I am always glad to get back HOME - what ever I am calling home at the time.  HOME is an interesting concept to me.  I call every place I am sleeping "home" while I am sleeping there.  My hotel room is home, my tent is home, and my boat is home.

My boat, of course, was the only real HOME for seven years.  Where ever it was, that was where home was.  My stuff was there.  my bed was there.  I knew all about everything there.  Even when I knew nothing about the area we were anchored/moored/docked in, it was still home.  It still is - especially if I am going straight to the boat instead of the house after a trip.  Nothing felt/feels better than unpacking and stashing the suitcases away, then surveying my tiny domain and feeling like an empress.  The fish around the boat - those are MY fish.  The birds that most people consider to be pests because they hang around the boats and make messes - MY birds.  I don't even really mind cleaning up their messes and dealing with their nest building.  They are part of my little empire.
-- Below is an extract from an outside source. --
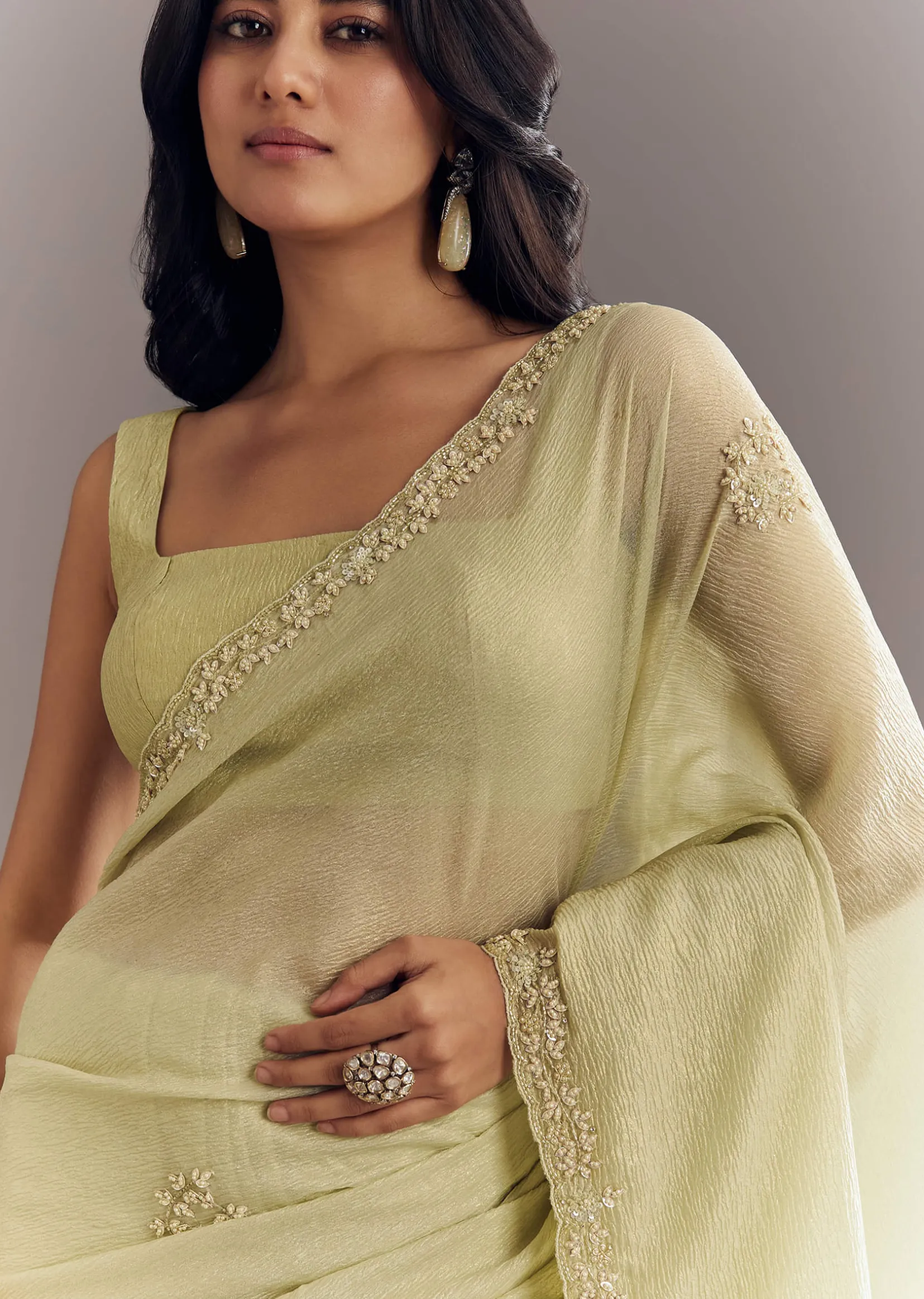 Light Pastel Green Crushed Tissue Saree With Cutdana Sequins And Beads Embroidery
Then we got this house.  Now I am like Eleanor of Aquitaine - I have to travel between my domains.  I never thought I would own a house again.  And I never thought I'd do it in Costa Rica.  But I did and here I am, sitting at the table in my kitchen writing this post.  I have a cup of coffee and I can see my orchid tree with its gorgeous pink and magenta flowers.  (Side note:  In Costa Rica, some of the most beautiful flowering trees flame out brightest in the dry season.   I didn't expect that, but then I have a lot to learn about the tropics.  So the flowering trees stand out even more in the dry season because there are fewer leaves on the trees.  Just branches of flowers.  The leaves start to appear when the flowers fall off.  While the temperature doesn't change much, you can still tell a real change in seasons just by watching the flora change.

My dad used to bitch about California, saying that there was no "weather", and his tone left no doubt in my mind that "no weather" was in some way indicative of a place less character-building, less challenging.  Something like that.  I have no idea what he'd say about this place.  I think he'd like the boat, and if he were alive he might like to have a sailing vacation with us.  My mom would like it here at the house, because it is up in the mountains and nice and cool.  If she were alive, she could live with us (we might build her a little house of her own on the property) and take care of the chickens we (c)(w)ould get.  I don't know if she would be much help with the garden.  I don't see enjoying the boat - too hot even with the fans.  And frankly, i just never thought she was that much of a water person when it came to boats.  She liked water-related activities, like fishing and beach-walking and water-watching, but that seemed to be it.

I am losing my mind sometimes over being so lucky.  Almost every day I think to myself "How did this happen?"  "How did I manage this?"  It seems like some huge mistake might have been made and I was accidentally given someone else's future and the mistake will eventually need to be rectified.  Not really, but that thought is ever present.  I have had that feeling  in some form about some thing pretty much my whole life.  Even though it has never come true.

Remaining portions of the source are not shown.